É possível também que alguns BSPs revejam seus próprios modelos de negócios, para se adequarem melhor à cobrança por conversa no WhatsApp. Na opinião de várias fontes, quem mais vai sofrer serão os BSPs que atuam meramente como brokers e que hoje cobram uma margem em cima do tráfego do WhatsApp. “Vai ser complicado para quem é broker puro e não coloca uma camada de inteligência sobre o canal”, avalia o executivo de um BSP.
Migração para outros canais
Um dos impactos da mudança no modelo de cobrança do WhatsApp pode ser a migração de marcas para outros canais, como RCS e Telegram. Porém, o WhatsApp ainda oferece dois atributos que são inigualáveis no mercado brasileiro: 1) sua enorme base de usuários; 2) uma experiência com a qual o público está acostumado, sem necessidade de aprendizado.
“O WhatsApp tem o que ninguém tem: as pessoas. Sua força está na base de usuários, não em funcionalidades”, comenta uma fonte.

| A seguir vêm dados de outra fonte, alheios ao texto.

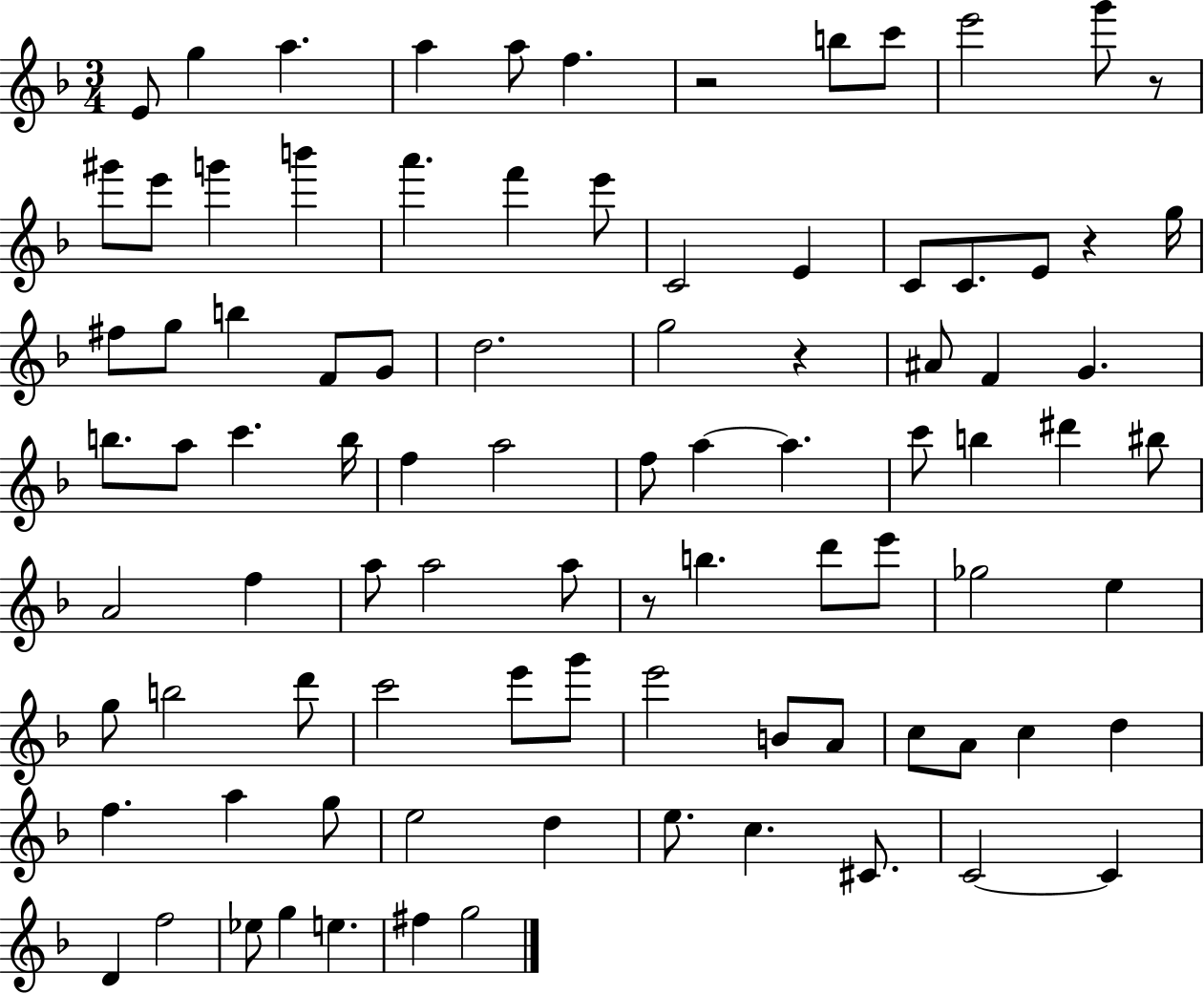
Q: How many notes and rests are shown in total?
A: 91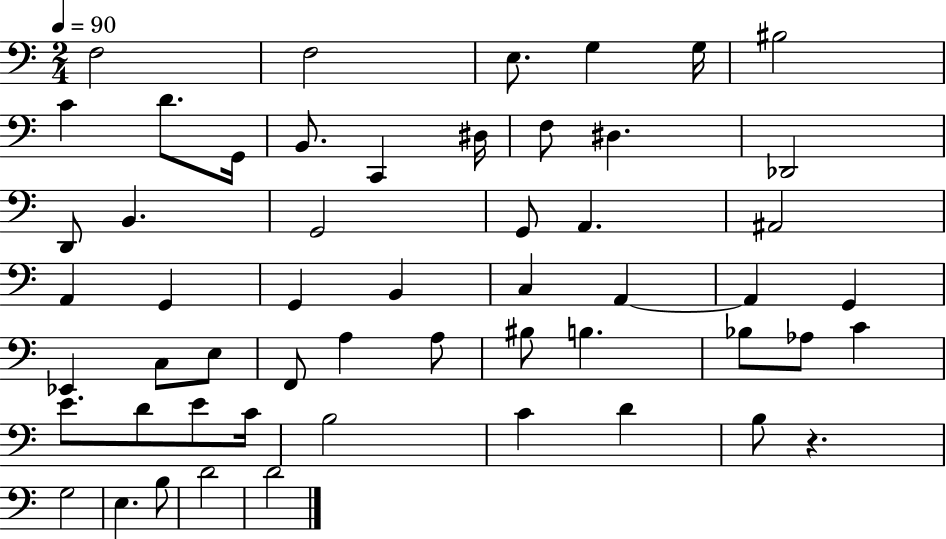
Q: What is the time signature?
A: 2/4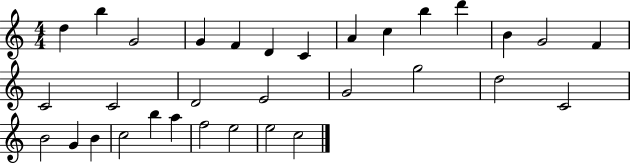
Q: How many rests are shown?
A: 0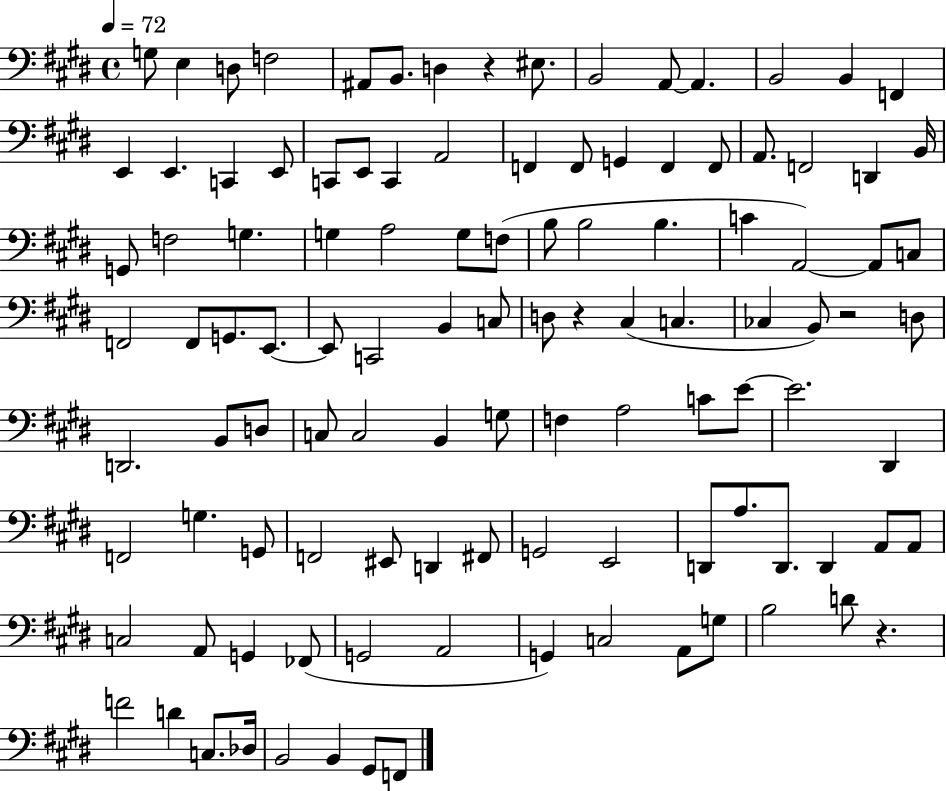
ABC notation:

X:1
T:Untitled
M:4/4
L:1/4
K:E
G,/2 E, D,/2 F,2 ^A,,/2 B,,/2 D, z ^E,/2 B,,2 A,,/2 A,, B,,2 B,, F,, E,, E,, C,, E,,/2 C,,/2 E,,/2 C,, A,,2 F,, F,,/2 G,, F,, F,,/2 A,,/2 F,,2 D,, B,,/4 G,,/2 F,2 G, G, A,2 G,/2 F,/2 B,/2 B,2 B, C A,,2 A,,/2 C,/2 F,,2 F,,/2 G,,/2 E,,/2 E,,/2 C,,2 B,, C,/2 D,/2 z ^C, C, _C, B,,/2 z2 D,/2 D,,2 B,,/2 D,/2 C,/2 C,2 B,, G,/2 F, A,2 C/2 E/2 E2 ^D,, F,,2 G, G,,/2 F,,2 ^E,,/2 D,, ^F,,/2 G,,2 E,,2 D,,/2 A,/2 D,,/2 D,, A,,/2 A,,/2 C,2 A,,/2 G,, _F,,/2 G,,2 A,,2 G,, C,2 A,,/2 G,/2 B,2 D/2 z F2 D C,/2 _D,/4 B,,2 B,, ^G,,/2 F,,/2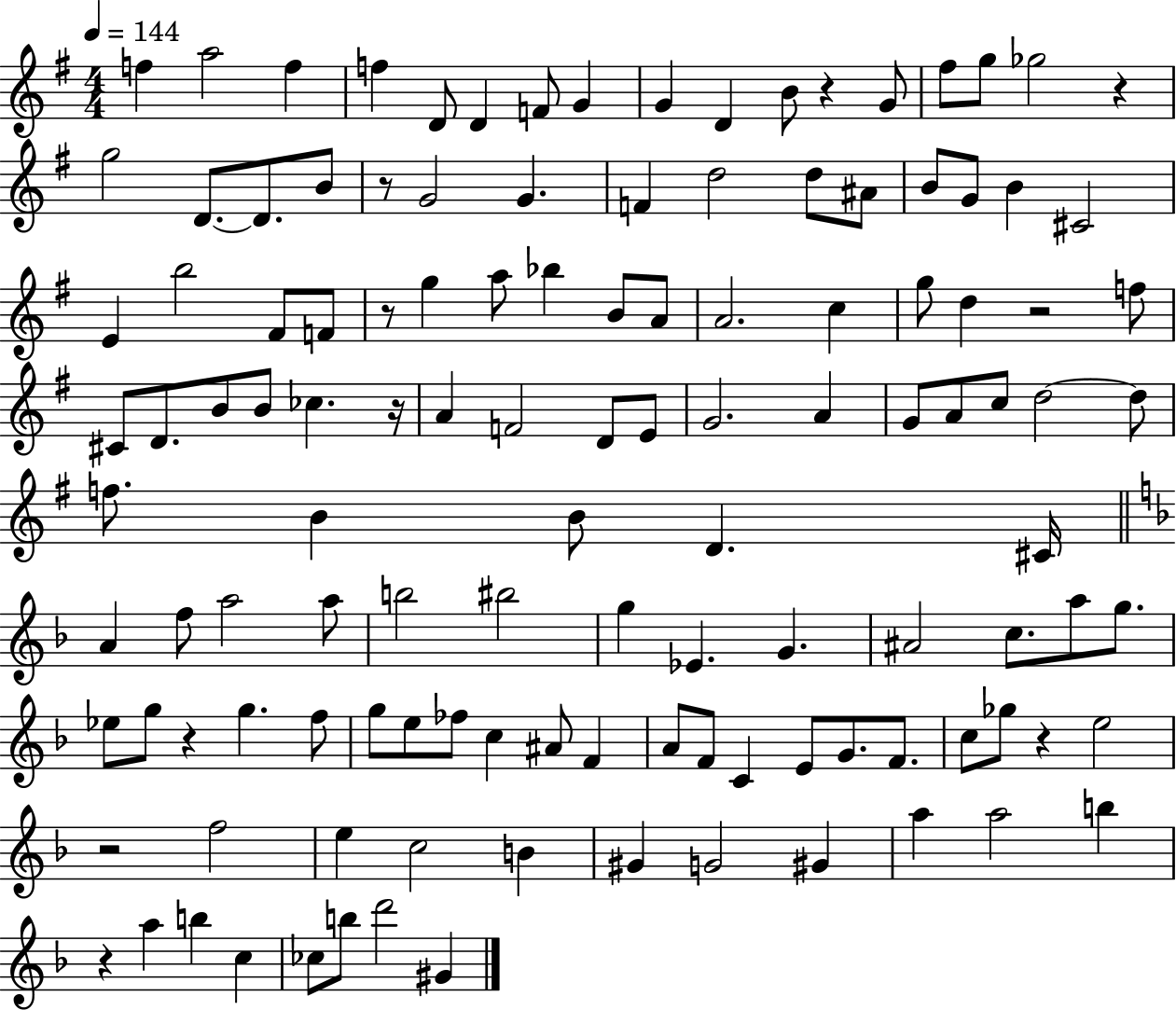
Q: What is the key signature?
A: G major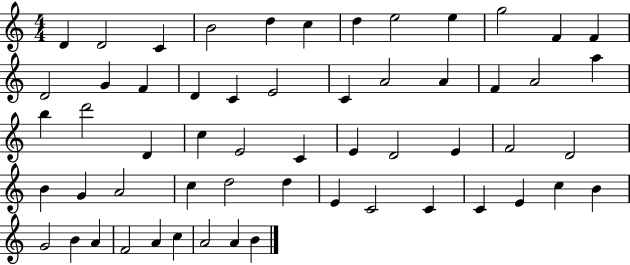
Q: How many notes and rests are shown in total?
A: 57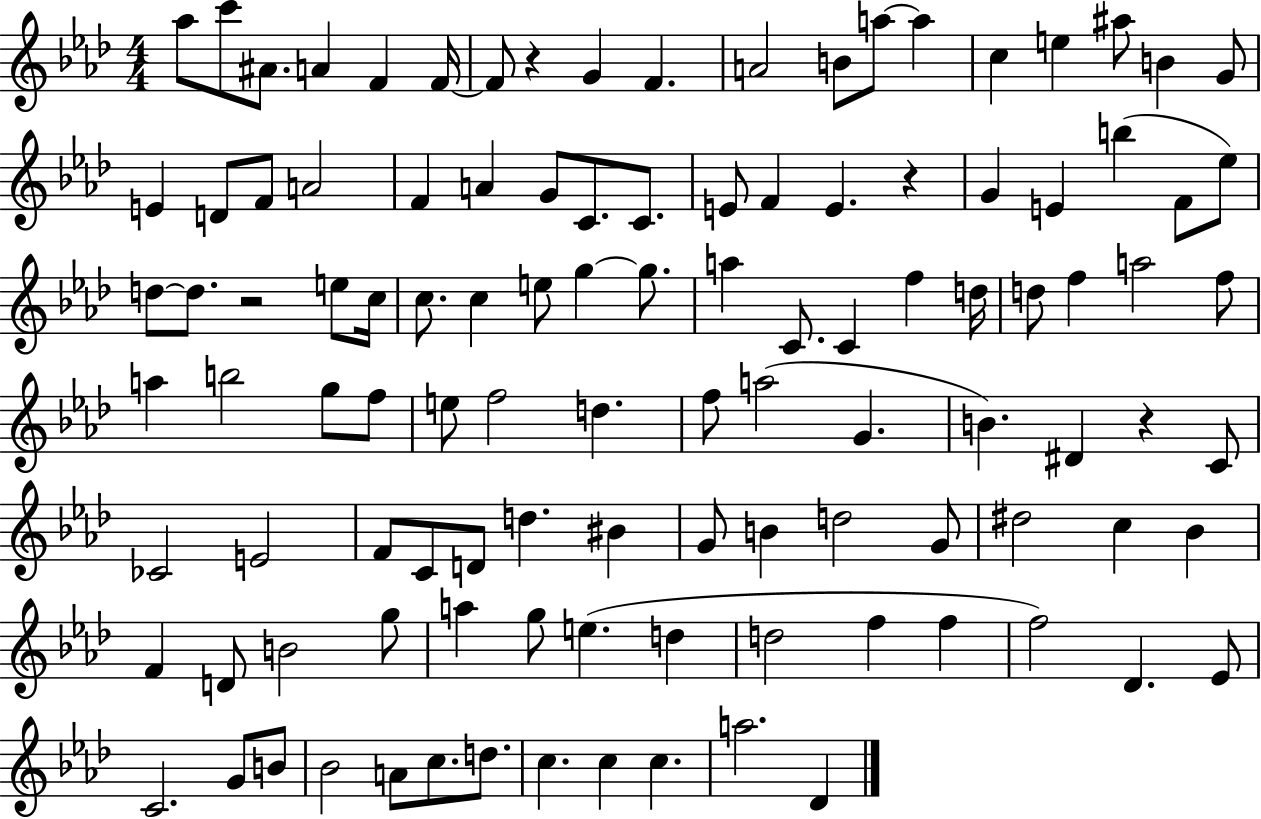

Oliveira, da Take Blip, considera baixa a probabilidade de as marcas migrarem do WhatsApp para o RCS por causa da mudança no modelo de cobrança. “É mais fácil trazer um produto para uma comunidade do que uma comunidade para um produto. O RCS passa por um desafio que é o de engajamento do usuário. O WhatsApp não tem esse problema: seu usuário é superengajado. Se um dia o RCS conseguir construir engajamento do usuário, com certeza vai ser super-relevante. E estamos nos esforçando para ajudar nesse sentido. Vale lembrar que o RCS tem vantagem para um caso de uso: o broadcast de mensagens”, analisa o CEO da Take Blip.
Futuro
Apesar das queixas, o mercado já esperava que o WhatsApp fosse alterar seu modelo mais cedo ou mais tarde. O anúncio com seis meses de antecedência confere tempo para que ajustes sejam feitos pelos parceiros. Por mais que encareça alguns casos de uso, é difícil imaginar alguma marca desistindo do WhatsApp no Brasil diante da importância desse canal no País. Por outro lado, fontes ressaltam a importância de estabilidade do novo modelo a longo prazo, para garantir previsibilidade ao negócio. Afinal, em um gigante como o WhatsApp, qualquer mudança significa um grande impacto.